**Dataset entries**.

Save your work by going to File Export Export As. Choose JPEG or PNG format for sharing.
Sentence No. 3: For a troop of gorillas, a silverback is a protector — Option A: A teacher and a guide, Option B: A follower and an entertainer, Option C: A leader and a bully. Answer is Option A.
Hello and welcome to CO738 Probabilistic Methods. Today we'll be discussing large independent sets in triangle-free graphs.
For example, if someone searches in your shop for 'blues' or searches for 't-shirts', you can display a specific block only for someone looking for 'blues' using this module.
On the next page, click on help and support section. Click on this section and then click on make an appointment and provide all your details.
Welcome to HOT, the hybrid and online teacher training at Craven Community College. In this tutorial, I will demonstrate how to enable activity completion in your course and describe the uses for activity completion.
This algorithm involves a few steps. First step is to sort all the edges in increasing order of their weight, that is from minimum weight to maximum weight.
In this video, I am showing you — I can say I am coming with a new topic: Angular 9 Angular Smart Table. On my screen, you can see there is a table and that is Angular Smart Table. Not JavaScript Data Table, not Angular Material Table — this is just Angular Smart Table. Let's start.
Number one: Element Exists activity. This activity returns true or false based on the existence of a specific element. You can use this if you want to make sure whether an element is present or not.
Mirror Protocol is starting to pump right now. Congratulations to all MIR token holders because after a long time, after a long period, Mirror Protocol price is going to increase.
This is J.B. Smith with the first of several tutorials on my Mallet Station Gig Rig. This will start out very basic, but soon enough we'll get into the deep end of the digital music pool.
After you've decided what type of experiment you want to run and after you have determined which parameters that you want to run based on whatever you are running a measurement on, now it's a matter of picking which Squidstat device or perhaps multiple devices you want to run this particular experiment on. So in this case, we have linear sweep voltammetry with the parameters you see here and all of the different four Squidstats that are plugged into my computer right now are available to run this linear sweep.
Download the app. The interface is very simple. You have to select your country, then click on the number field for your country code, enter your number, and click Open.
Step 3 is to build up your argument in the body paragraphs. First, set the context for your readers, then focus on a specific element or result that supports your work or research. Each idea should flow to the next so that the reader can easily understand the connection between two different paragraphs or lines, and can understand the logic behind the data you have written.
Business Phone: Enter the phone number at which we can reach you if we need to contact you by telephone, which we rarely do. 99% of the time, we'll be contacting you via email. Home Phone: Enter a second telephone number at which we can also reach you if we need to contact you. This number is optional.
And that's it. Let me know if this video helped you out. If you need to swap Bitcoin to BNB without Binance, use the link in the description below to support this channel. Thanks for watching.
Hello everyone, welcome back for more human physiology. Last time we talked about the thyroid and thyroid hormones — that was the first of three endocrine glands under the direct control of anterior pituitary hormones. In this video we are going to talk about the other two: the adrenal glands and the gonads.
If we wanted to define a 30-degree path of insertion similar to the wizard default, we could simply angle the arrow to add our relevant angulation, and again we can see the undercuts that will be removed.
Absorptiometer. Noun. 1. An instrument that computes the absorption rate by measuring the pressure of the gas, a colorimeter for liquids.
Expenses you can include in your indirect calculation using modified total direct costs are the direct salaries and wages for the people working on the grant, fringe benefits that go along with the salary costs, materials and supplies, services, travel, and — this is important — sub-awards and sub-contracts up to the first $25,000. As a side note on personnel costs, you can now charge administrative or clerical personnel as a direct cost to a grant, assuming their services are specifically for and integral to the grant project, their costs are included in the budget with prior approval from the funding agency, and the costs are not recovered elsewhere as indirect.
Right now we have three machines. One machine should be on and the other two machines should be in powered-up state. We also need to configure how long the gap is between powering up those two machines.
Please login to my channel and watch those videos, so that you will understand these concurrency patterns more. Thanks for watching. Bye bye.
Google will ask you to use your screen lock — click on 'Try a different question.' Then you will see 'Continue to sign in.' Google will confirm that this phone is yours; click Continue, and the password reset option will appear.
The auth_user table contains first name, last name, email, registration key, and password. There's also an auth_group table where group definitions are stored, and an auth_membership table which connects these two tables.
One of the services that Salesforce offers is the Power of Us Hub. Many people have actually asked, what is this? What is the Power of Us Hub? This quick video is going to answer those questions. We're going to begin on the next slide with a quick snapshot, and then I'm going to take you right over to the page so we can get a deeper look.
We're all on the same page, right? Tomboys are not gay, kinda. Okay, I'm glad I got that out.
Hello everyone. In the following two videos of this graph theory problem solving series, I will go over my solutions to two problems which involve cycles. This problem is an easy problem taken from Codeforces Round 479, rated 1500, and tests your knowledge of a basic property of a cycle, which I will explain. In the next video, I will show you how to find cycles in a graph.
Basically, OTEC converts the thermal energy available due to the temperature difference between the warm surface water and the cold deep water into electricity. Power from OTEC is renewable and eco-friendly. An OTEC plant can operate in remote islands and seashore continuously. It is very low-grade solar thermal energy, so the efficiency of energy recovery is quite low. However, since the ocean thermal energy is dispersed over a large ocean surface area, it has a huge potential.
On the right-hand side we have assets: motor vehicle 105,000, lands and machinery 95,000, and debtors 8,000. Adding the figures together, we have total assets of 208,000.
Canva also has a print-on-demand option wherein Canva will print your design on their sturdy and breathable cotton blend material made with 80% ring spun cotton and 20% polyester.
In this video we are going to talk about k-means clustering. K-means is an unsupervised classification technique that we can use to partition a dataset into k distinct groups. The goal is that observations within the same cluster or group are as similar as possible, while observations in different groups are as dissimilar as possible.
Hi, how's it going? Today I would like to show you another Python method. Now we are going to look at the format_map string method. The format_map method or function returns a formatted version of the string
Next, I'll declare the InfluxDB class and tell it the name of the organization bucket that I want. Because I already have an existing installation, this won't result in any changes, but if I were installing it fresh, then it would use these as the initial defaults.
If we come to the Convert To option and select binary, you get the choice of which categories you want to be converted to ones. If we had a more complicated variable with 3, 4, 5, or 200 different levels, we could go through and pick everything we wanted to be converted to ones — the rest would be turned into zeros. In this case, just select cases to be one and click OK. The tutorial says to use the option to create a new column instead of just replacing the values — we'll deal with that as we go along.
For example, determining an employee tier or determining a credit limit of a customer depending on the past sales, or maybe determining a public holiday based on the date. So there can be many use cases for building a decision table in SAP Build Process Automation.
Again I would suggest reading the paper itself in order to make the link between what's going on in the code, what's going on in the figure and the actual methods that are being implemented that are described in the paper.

**BRIEF**. Tally the lines of the data that hold the string "using". Answer with the number and nothing more.

**EXERCISE OUTPUT**. 2